What you should do: Once the images are set aside, write out the rest of the records exactly.

(Image-caption web data)
::::::::

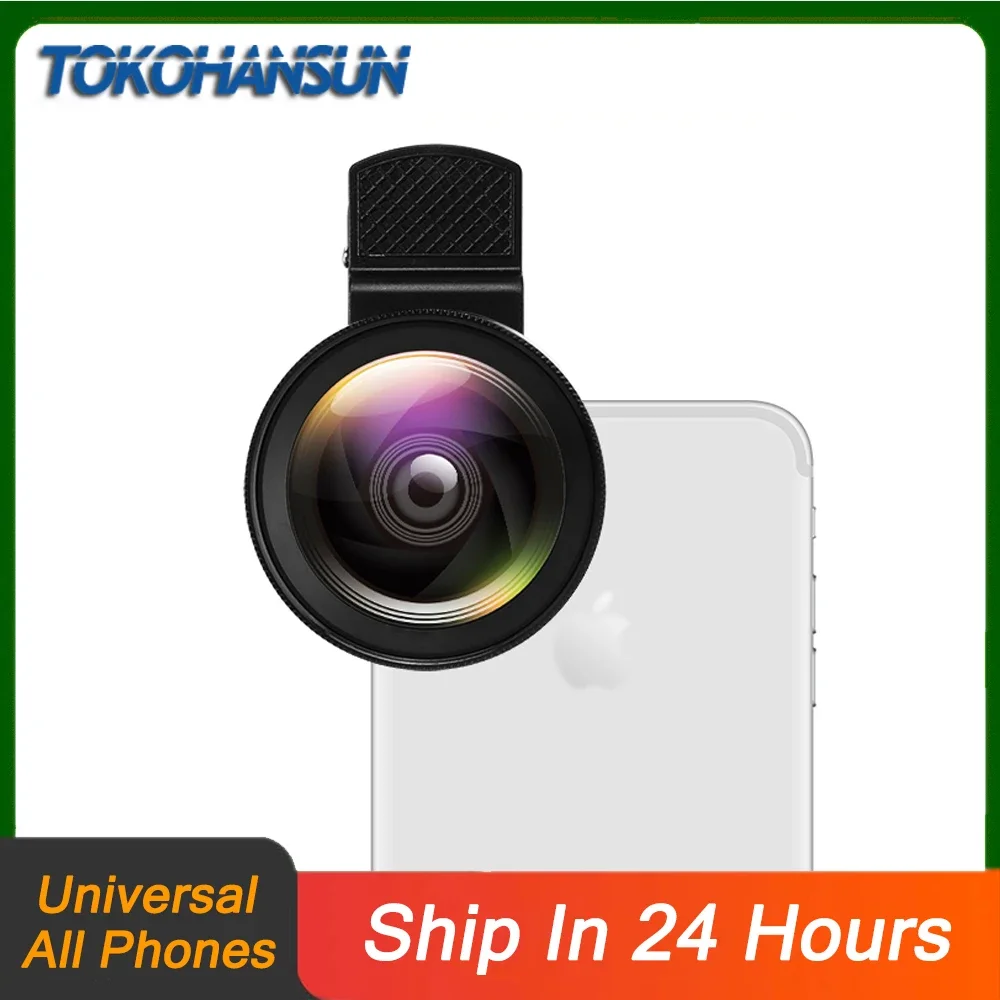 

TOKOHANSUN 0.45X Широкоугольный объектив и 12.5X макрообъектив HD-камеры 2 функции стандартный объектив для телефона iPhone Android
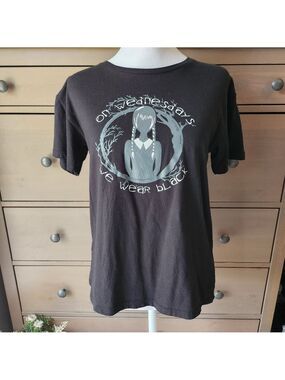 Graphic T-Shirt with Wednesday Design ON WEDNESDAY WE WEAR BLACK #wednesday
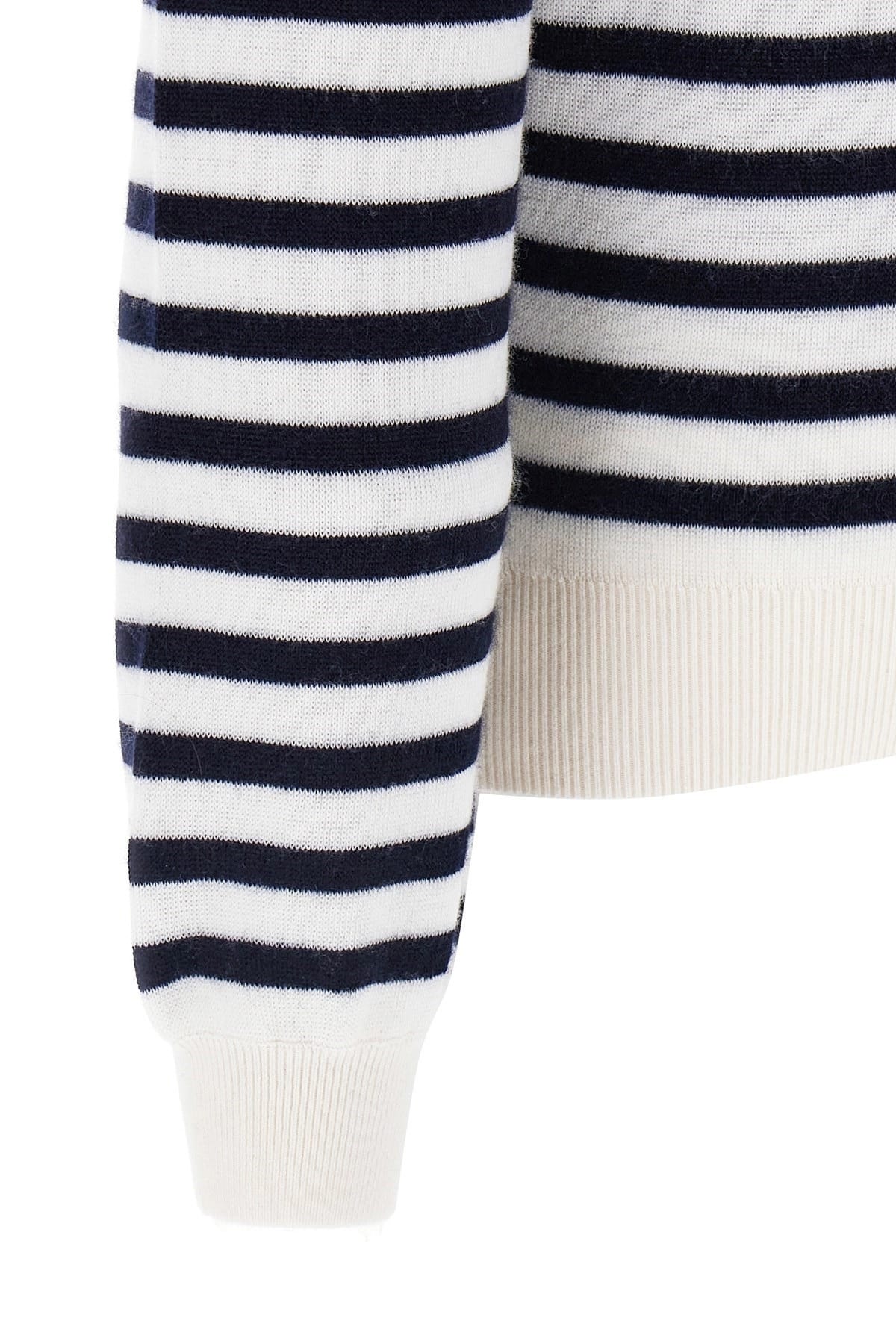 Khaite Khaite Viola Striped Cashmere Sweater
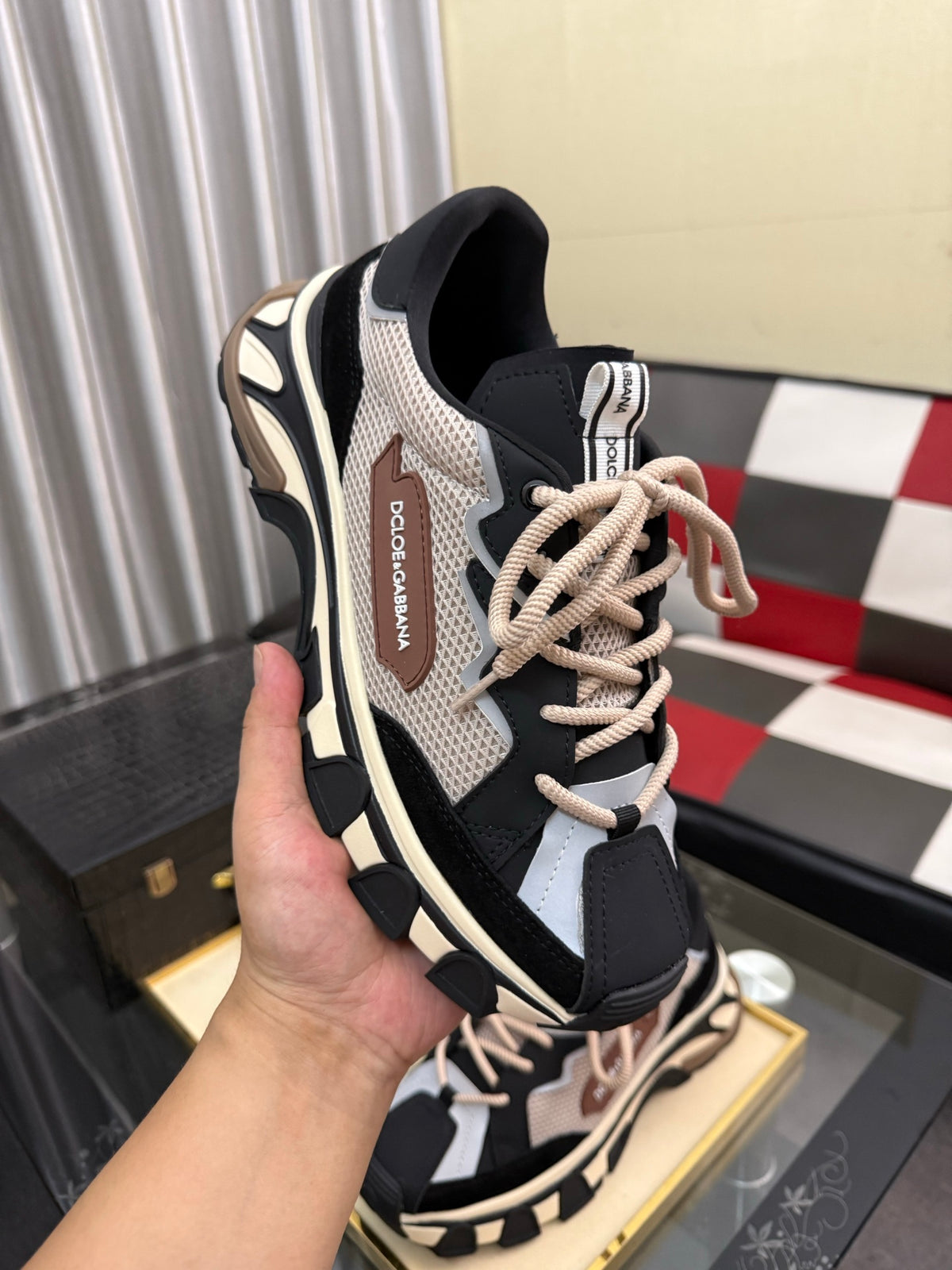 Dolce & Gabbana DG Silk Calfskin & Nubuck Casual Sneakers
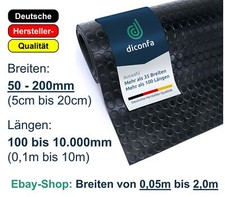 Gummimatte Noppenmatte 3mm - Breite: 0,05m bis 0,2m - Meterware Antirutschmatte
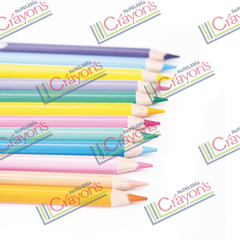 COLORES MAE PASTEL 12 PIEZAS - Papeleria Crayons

::::::::

Problem solution:
TOKOHANSUN 0.45X Широкоугольный объектив и 12.5X макрообъектив HD-камеры 2 функции стандартный объектив для телефона iPhone Android
 Graphic T-Shirt with Wednesday Design ON WEDNESDAY WE WEAR BLACK #wednesday
 Khaite Khaite Viola Striped Cashmere Sweater
 Dolce & Gabbana DG Silk Calfskin & Nubuck Casual Sneakers
 Gummimatte Noppenmatte 3mm - Breite: 0,05m bis 0,2m - Meterware Antirutschmatte
 COLORES MAE PASTEL 12 PIEZAS - Papeleria Crayons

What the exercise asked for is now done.